▶ Data records:
--- START ---

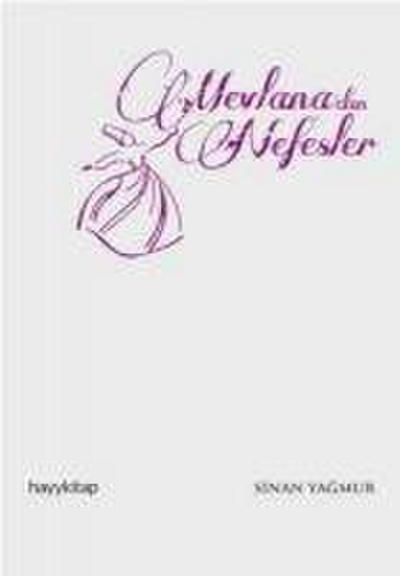 Mevlanadan Nefesler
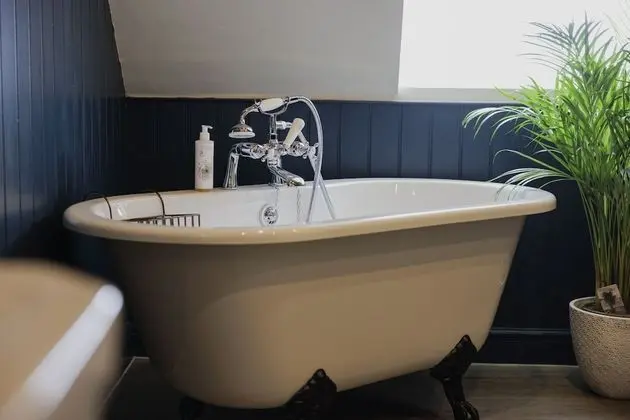 Deluxe Tek Büyük Yataklı Oda, 1 En Büyük (King) Boy Yatak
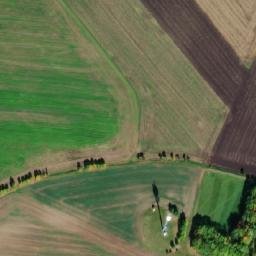 Satellite imagery of V Devtníkách [Luštěnice] HG, CZ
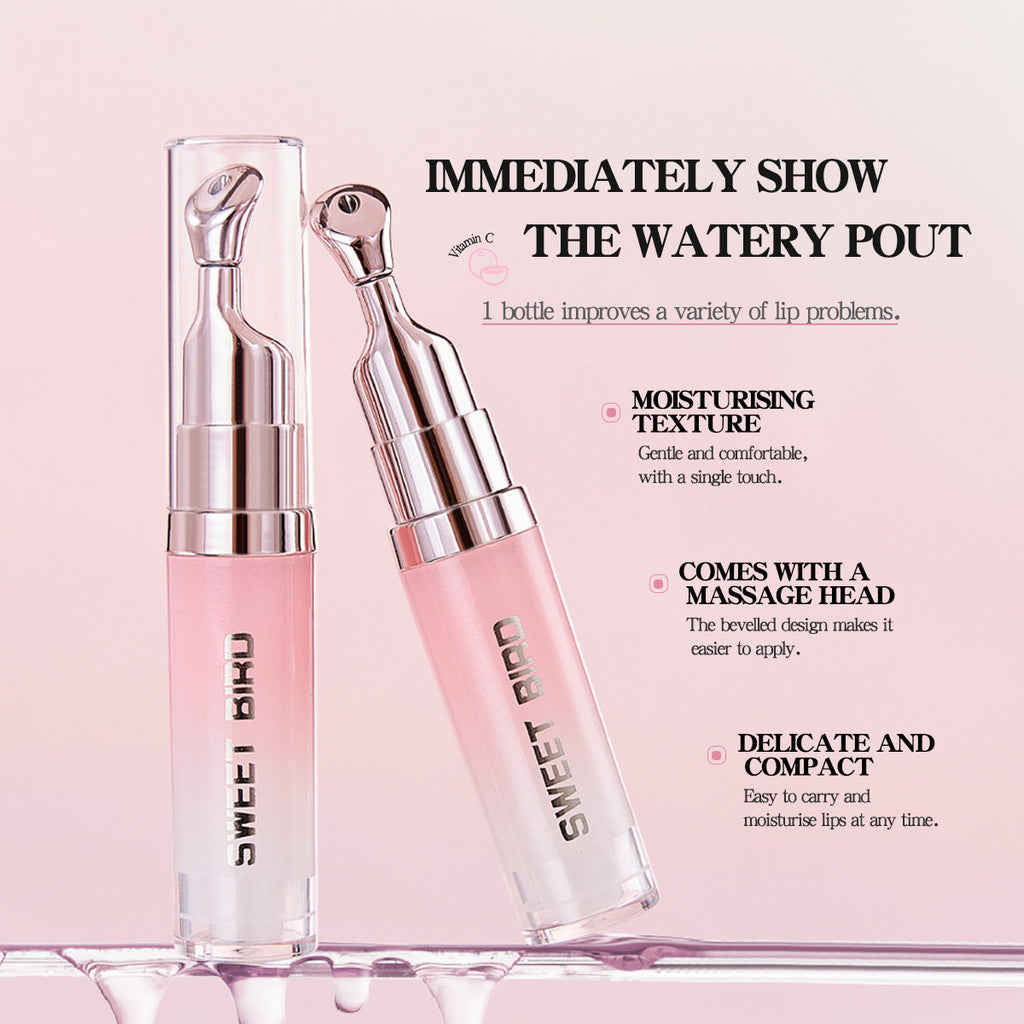 Lip Balm Moisturizing Essence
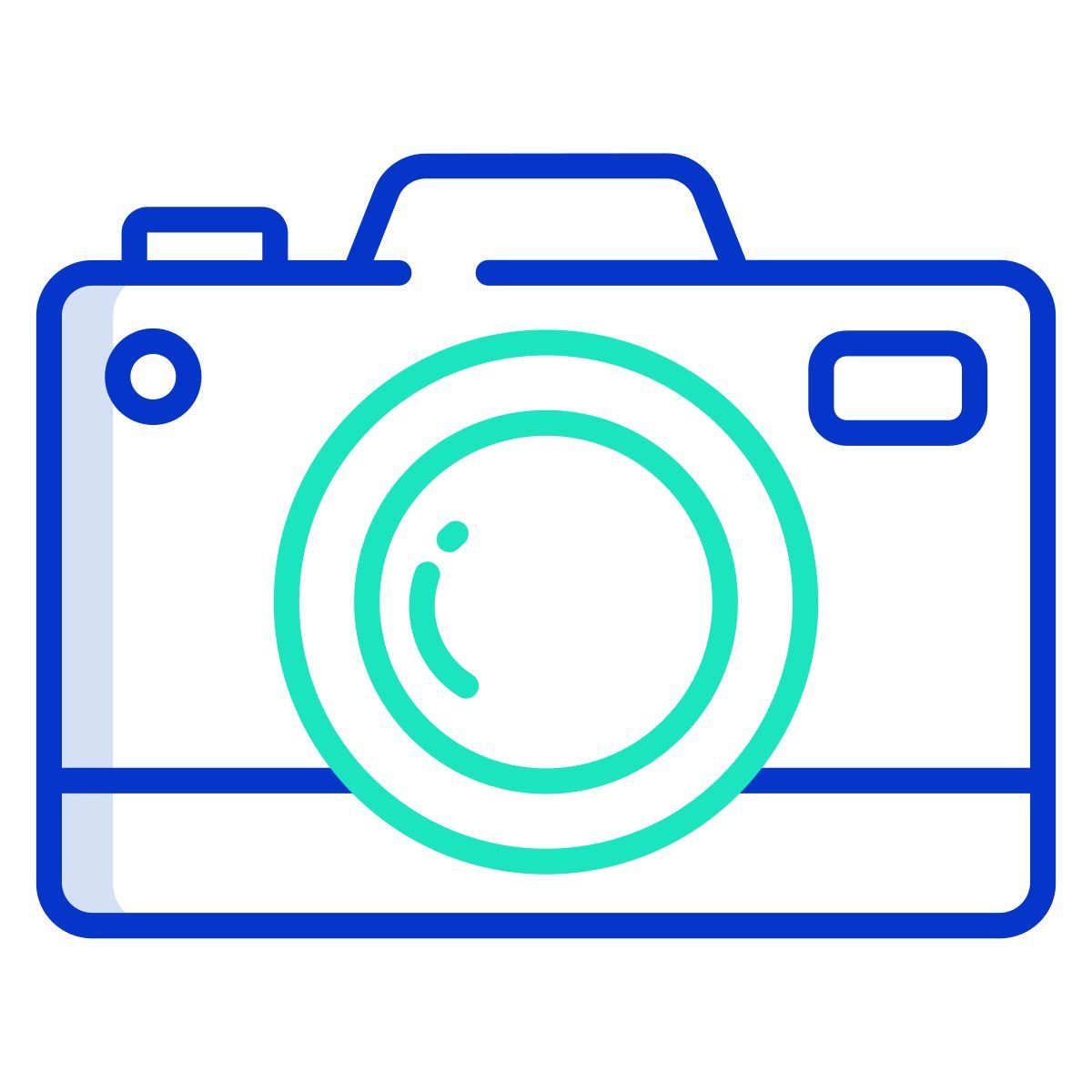 camera icon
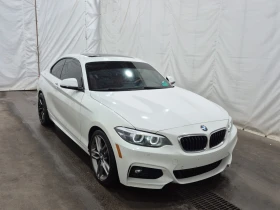 BMW 230 M PACK * * CARFAX * * АВТО КРЕДИТ * *  - 15000 € / 29337.45 лв. - 10925901 3
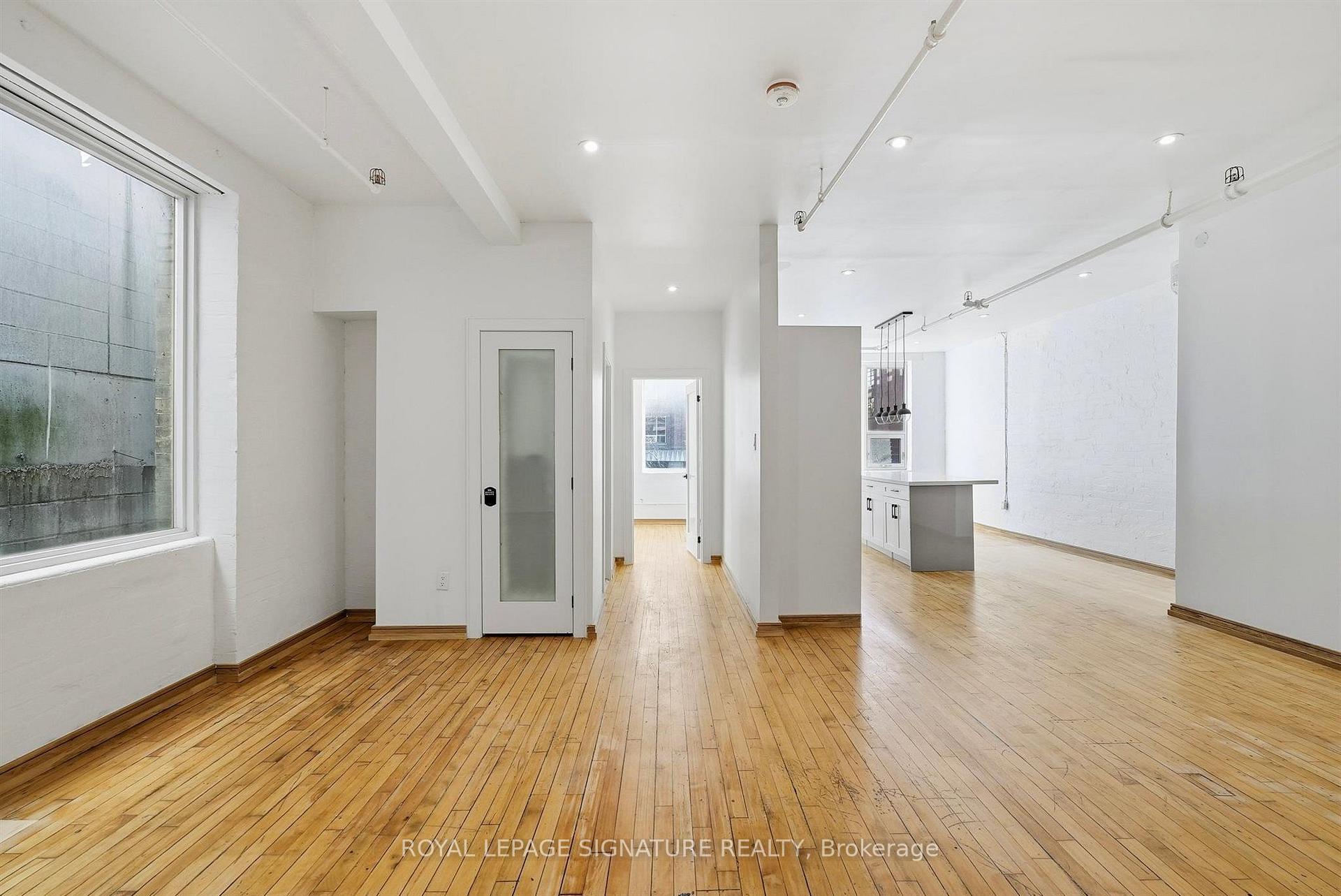 Photo 8 of Unit 201, 59 Cameron Street, Toronto, Kensington-Chinatown — HOMEH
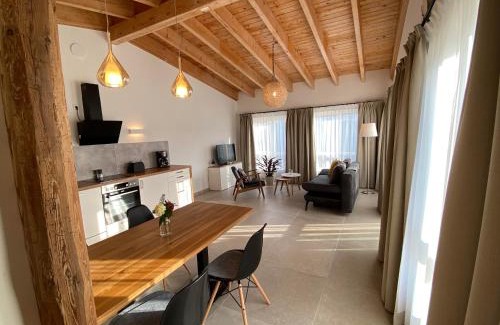 Crottendorf Casa | Ferienhaus AUSZEIT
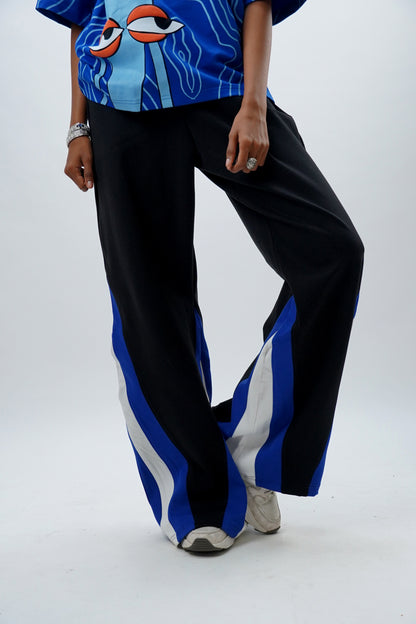 Cigratte lady Tshirt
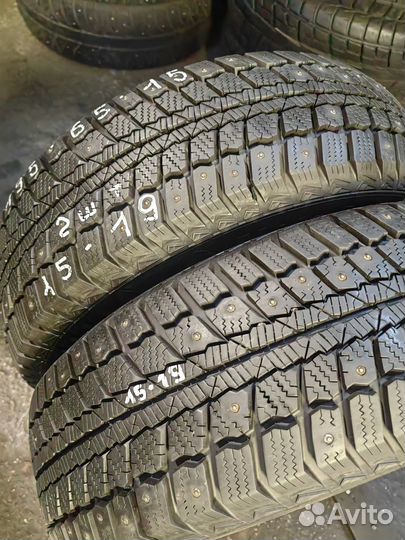 Matador MP 50 Sibir Ice 195/65 R15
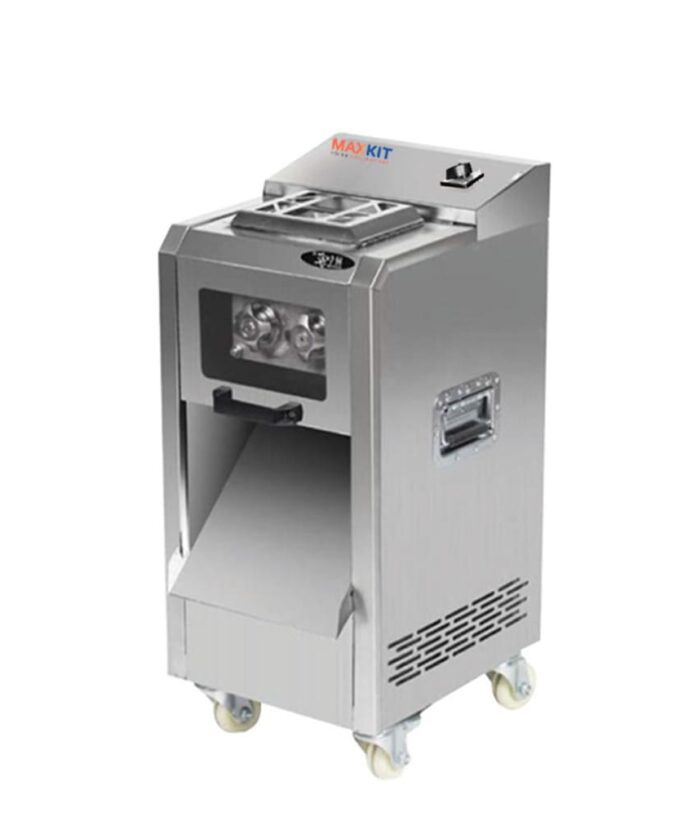 Máy thái thịt DQ-8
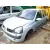 RENAULT CLIO II FASE II (B/CB0) RENAULT CLIO II FASE II (B/CB0) '2002 1.4 16V PLATA 2001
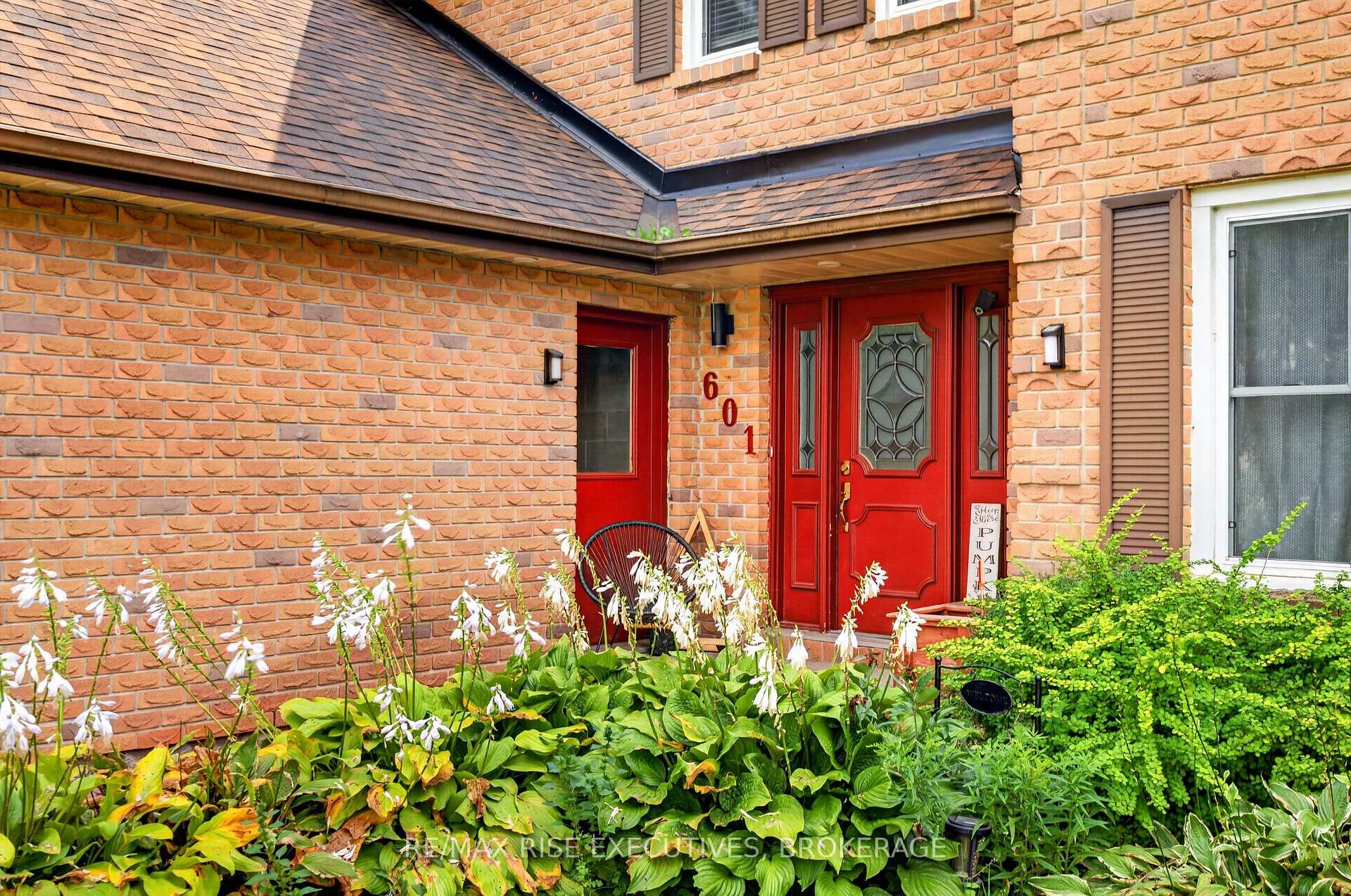 Photo 6 of 601 Forest Hill Drive, Kingston, South of Taylor-Kidd Blvd — HOMEH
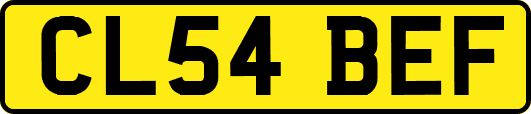 CL54BEF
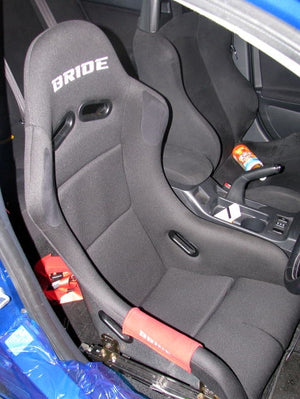 KAWAI WORKS MI040L LEFT SIDE SEAT RAIL FOR RECARO IS84 LS FOR MITSUBISHI GALANT FORTIS CY4A 07.8~ KAWAI-WORKS-37007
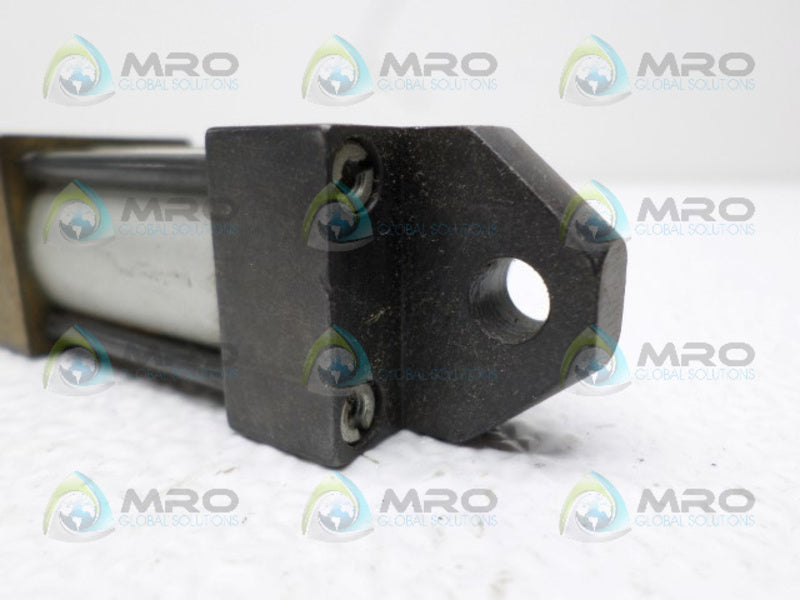 MOSIER TC3/4X3/4 PNEUMATIC CYLINDER NSNP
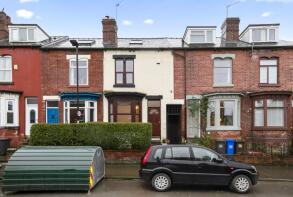 66, Rushdale Road, Sheffield S8 9QB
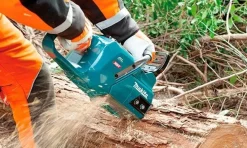 Motosserra BL 40V máx. XGT 40cm Makita UC012GZ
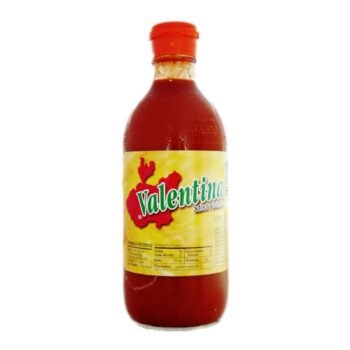 Salsa Valentina Amarilla 370 ml
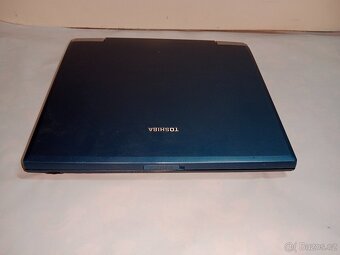 Notebook Toshiba satelite A10 SA10-S103 - 6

--- END ---

▶ Task objective: The answer should contain all the material above, copied exactly, and no images.

▶ Result for this task:
 Mevlanadan Nefesler
 Deluxe Tek Büyük Yataklı Oda, 1 En Büyük (King) Boy Yatak
 Satellite imagery of V Devtníkách [Luštěnice] HG, CZ
 Lip Balm Moisturizing Essence
 camera icon
 BMW 230 M PACK * * CARFAX * * АВТО КРЕДИТ * *  - 15000 € / 29337.45 лв. - 10925901 3
 Photo 8 of Unit 201, 59 Cameron Street, Toronto, Kensington-Chinatown — HOMEH
 Crottendorf Casa | Ferienhaus AUSZEIT
 Cigratte lady Tshirt
 Matador MP 50 Sibir Ice 195/65 R15
 Máy thái thịt DQ-8
 RENAULT CLIO II FASE II (B/CB0) RENAULT CLIO II FASE II (B/CB0) '2002 1.4 16V PLATA 2001
 Photo 6 of 601 Forest Hill Drive, Kingston, South of Taylor-Kidd Blvd — HOMEH
 CL54BEF
 KAWAI WORKS MI040L LEFT SIDE SEAT RAIL FOR RECARO IS84 LS FOR MITSUBISHI GALANT FORTIS CY4A 07.8~ KAWAI-WORKS-37007
 MOSIER TC3/4X3/4 PNEUMATIC CYLINDER NSNP
 66, Rushdale Road, Sheffield S8 9QB
 Motosserra BL 40V máx. XGT 40cm Makita UC012GZ
 Salsa Valentina Amarilla 370 ml
 Notebook Toshiba satelite A10 SA10-S103 - 6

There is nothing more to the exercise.